## TO DO
Every line below must be copied as written, except for pictures.

## Captioned web image data
%%

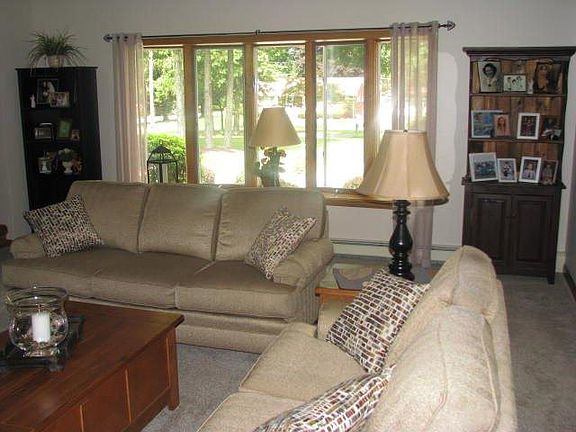 5th image of 1087 Woodmont Dr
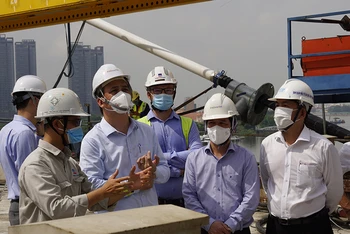 Phó Chủ tịch Ủy ban nhân dân TP Hồ Chí Minh Lê Hòa Bình kiểm tra công trình cầu Thủ Thiêm 2 sáng 14/7.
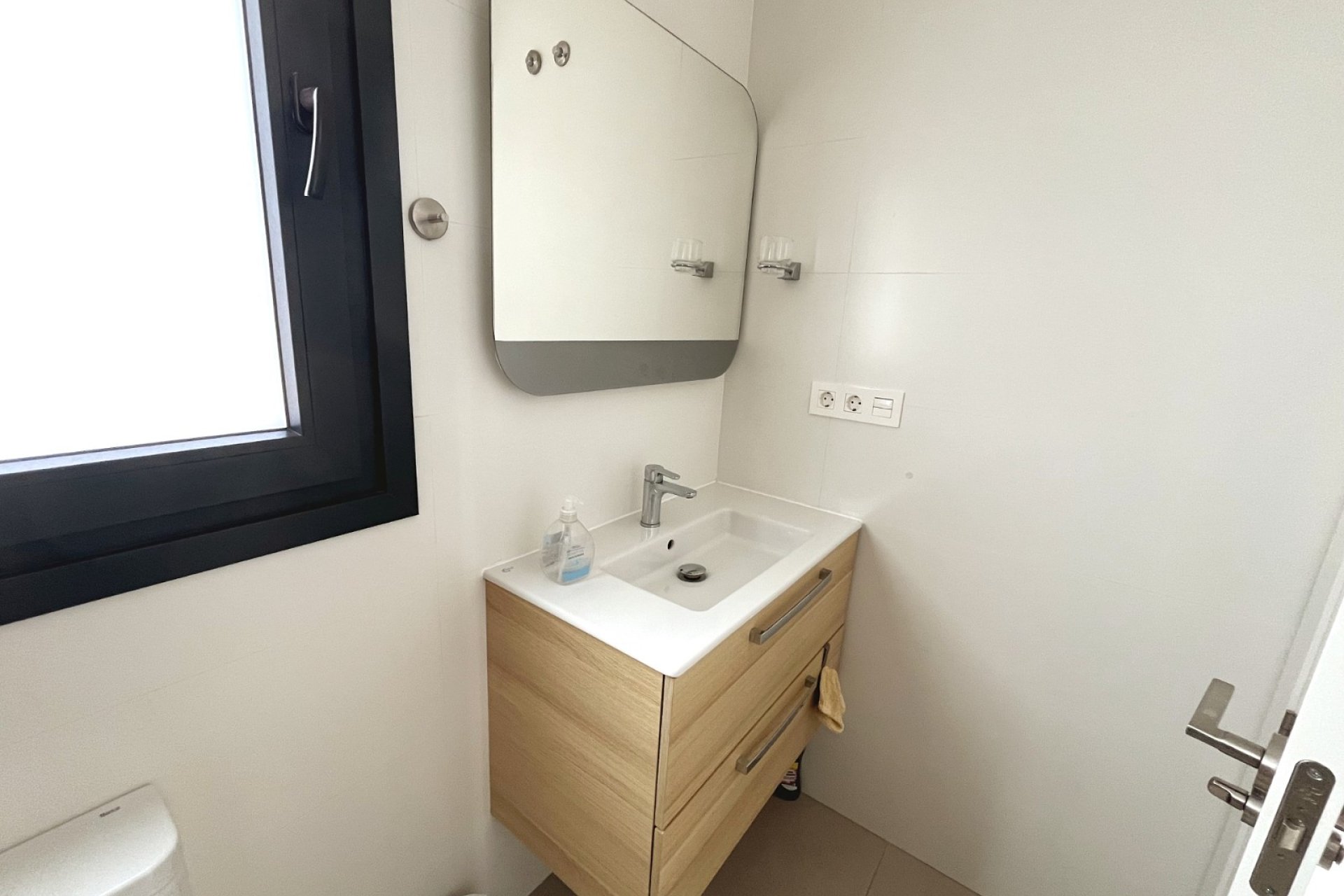 Resale - Villa -
Ciudad Quesada - Pueblo Bravo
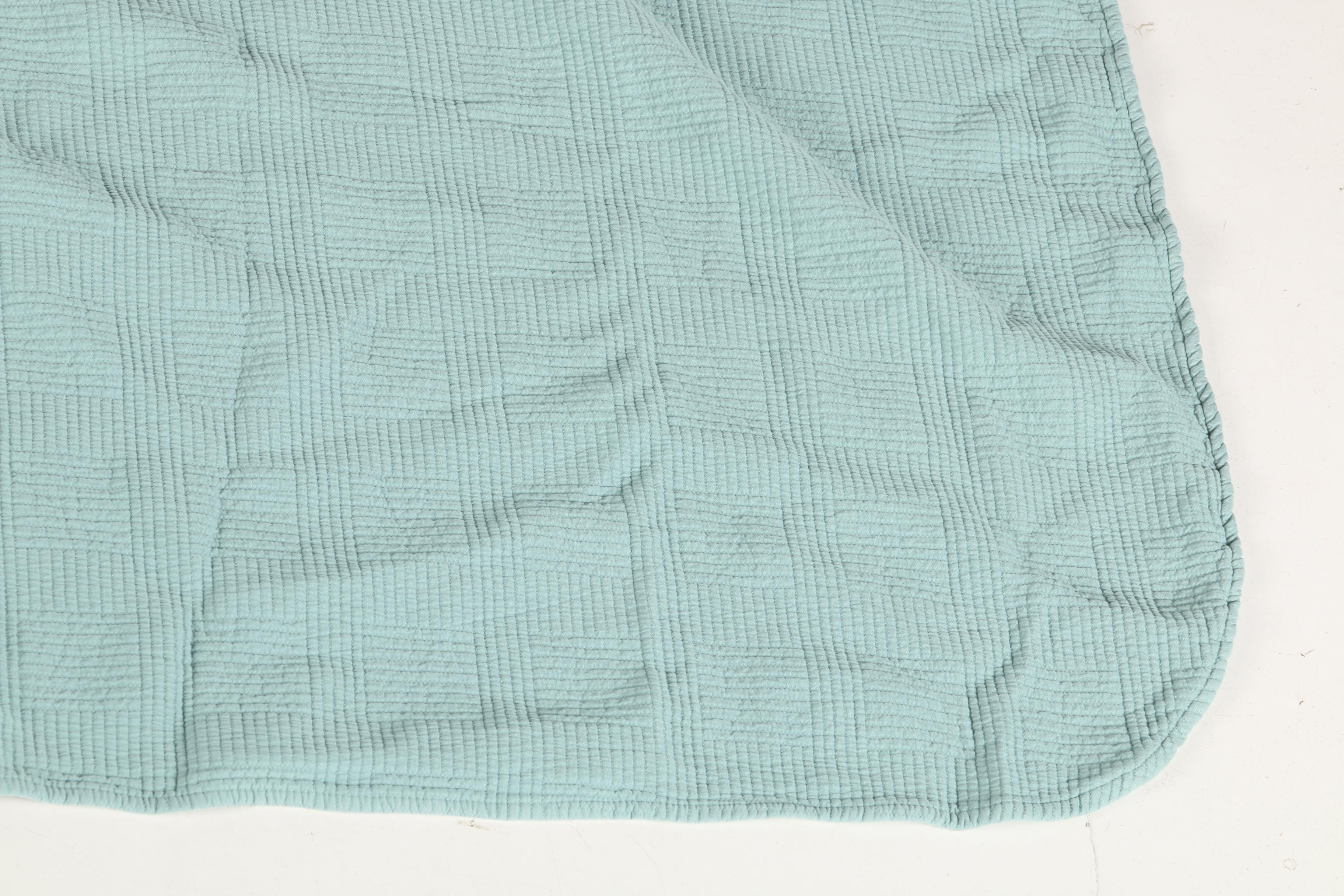 L.L. Bean Queen Bedspread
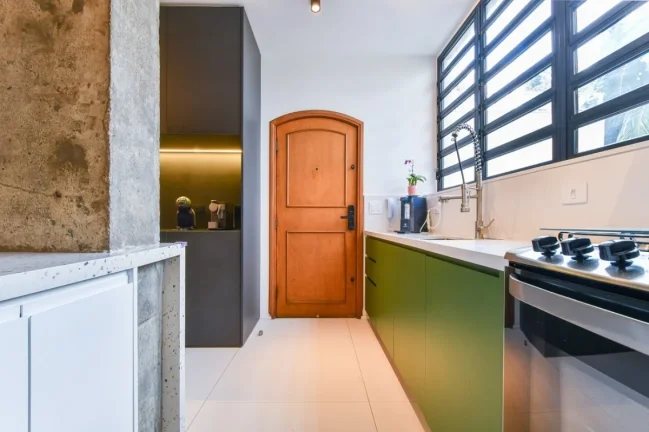 Imagem Cobertura Alto de Pinheiros - 260M², 3 Dorms, 1 Suíte, 2 Vagas Determinadas, Closet, Lareira, Piscina.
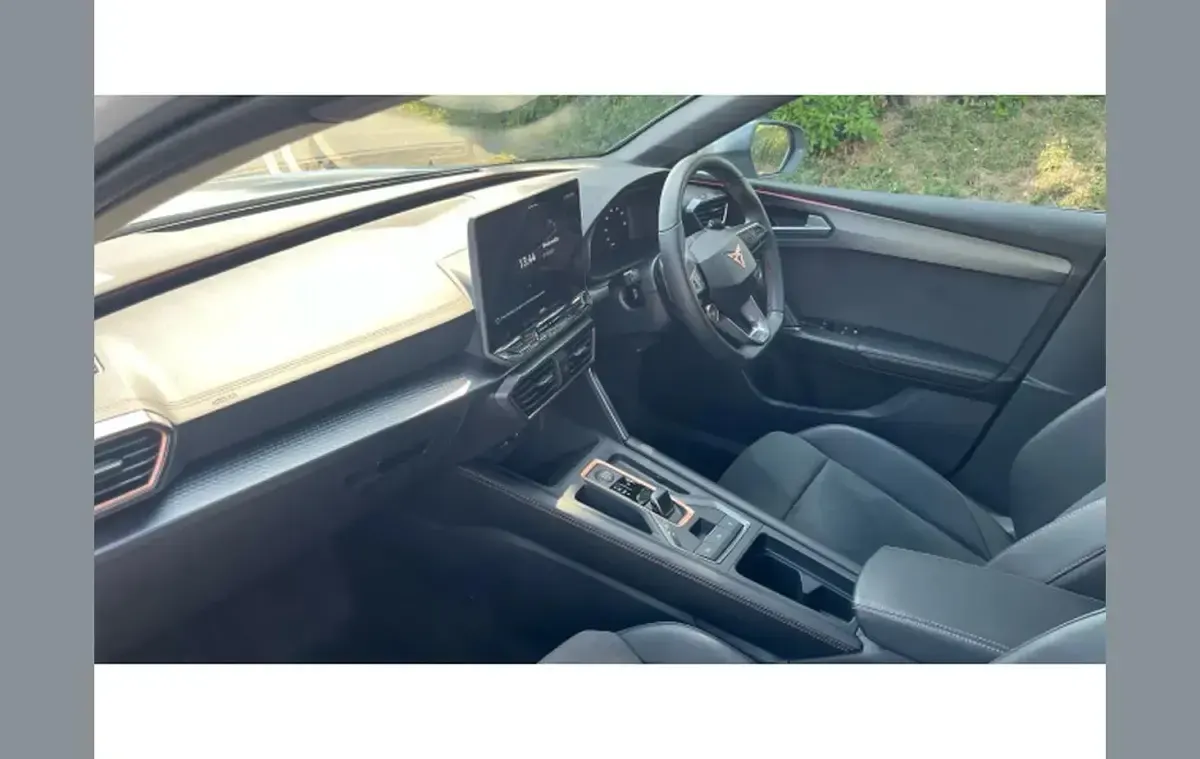 Used Cupra Leon 150 HP (110 kW) 2025 White Hatchback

%%

## ANSWER FOR THIS EXERCISE
 5th image of 1087 Woodmont Dr
 Phó Chủ tịch Ủy ban nhân dân TP Hồ Chí Minh Lê Hòa Bình kiểm tra công trình cầu Thủ Thiêm 2 sáng 14/7.
 Resale - Villa -
Ciudad Quesada - Pueblo Bravo
 L.L. Bean Queen Bedspread
 Imagem Cobertura Alto de Pinheiros - 260M², 3 Dorms, 1 Suíte, 2 Vagas Determinadas, Closet, Lareira, Piscina.
 Used Cupra Leon 150 HP (110 kW) 2025 White Hatchback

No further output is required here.